Auburn
Well-known member
BTDT once. Same advice as many...get an attorney who is working for your benefit...but know when to say enough and settle. Otherwise they will keep fighting (and charging $$$$). You don't want to be blindsided in court and lose more than your shirt.One of the best things you can do for the kids is to take care of yourself and no matter how hard it gets, alwaysshow respect for mom. The one thing that kids will remember is how each of you treated each other, etc. Maybe
not so much now because of their ages but as they get older, they will remember.
Wish you the best . . .
:nuetral: :nuetral:
The best thing that happened now 20 years later, is when my son (I adopted her son when he was 3) thanked me for being there when she wasn't.
I never spoke badly of her in front of him.
I went through something similar, my parents divorced when I was 2. I only saw my dad a few times through the years. It wasn't because he didn't wnat to see my brother and I. It was because my mom wouldn't let him. I didn't get to know him until I was in my mid 20's. Once I learned the other side of the story, it has made me feel sorry for my mom. It has strained my relationship with her. On the other hand, my stepdad was the greatest. It is beacuse of him, that I turned out as I did.
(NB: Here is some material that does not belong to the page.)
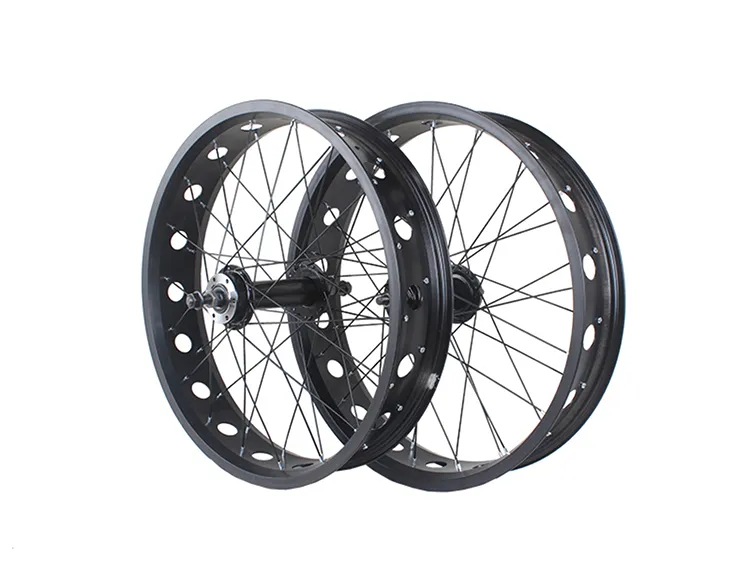 26x4 Fat Tire Wheelset Super Wide Rim For 26 Inch Fat Bikes, Snow Bikes ...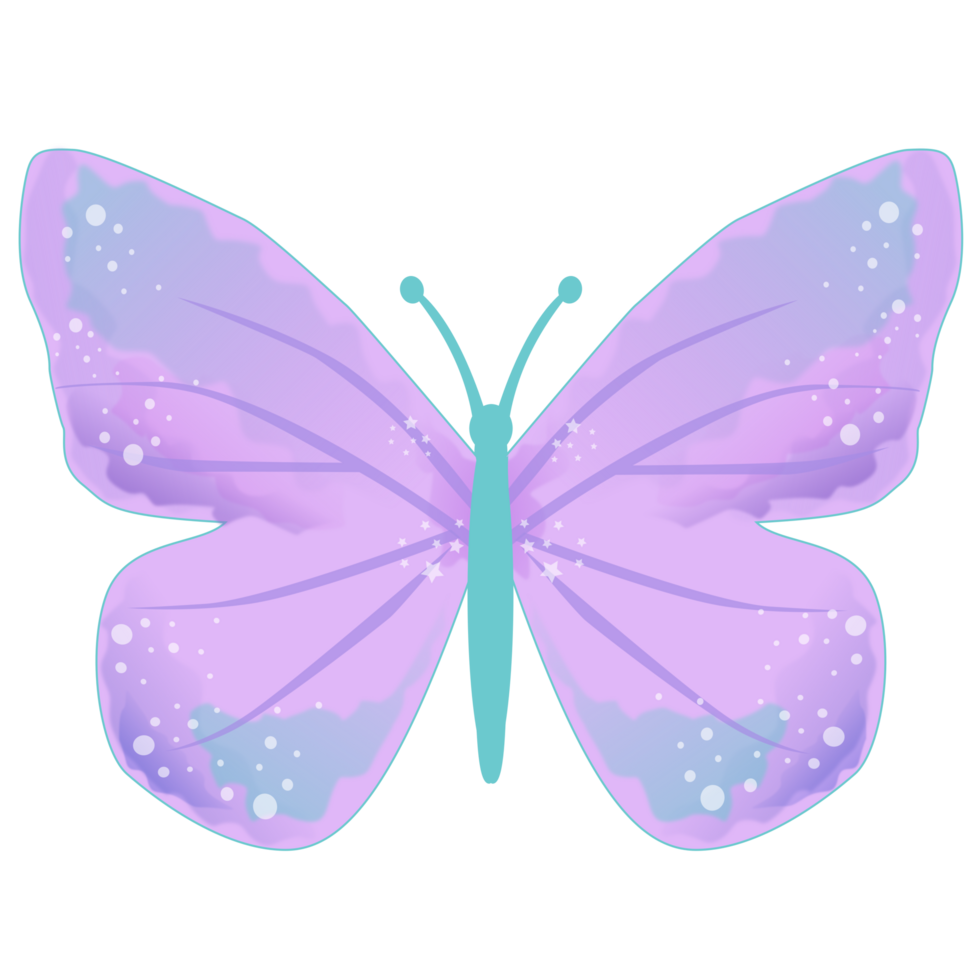 purple butterfly design png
He taught me one thing that I made sure to pass on to my son. That was I made sure that if I said I would be there or do thtat with hm, I did. The most satisfying thing was when he thanked me for being there and that he could count on me. I guess she let him down a few times.
One final thought, there will be someone out there for you. Probably when you are not looking at all is when you will find her. My second is the one I wish I had found first, execpt I wouldn't have the son I have if I had. But the experience of being torn apart by the first one made me a better person.
We hear you and feel for you. Good thoughts and prayers going your way.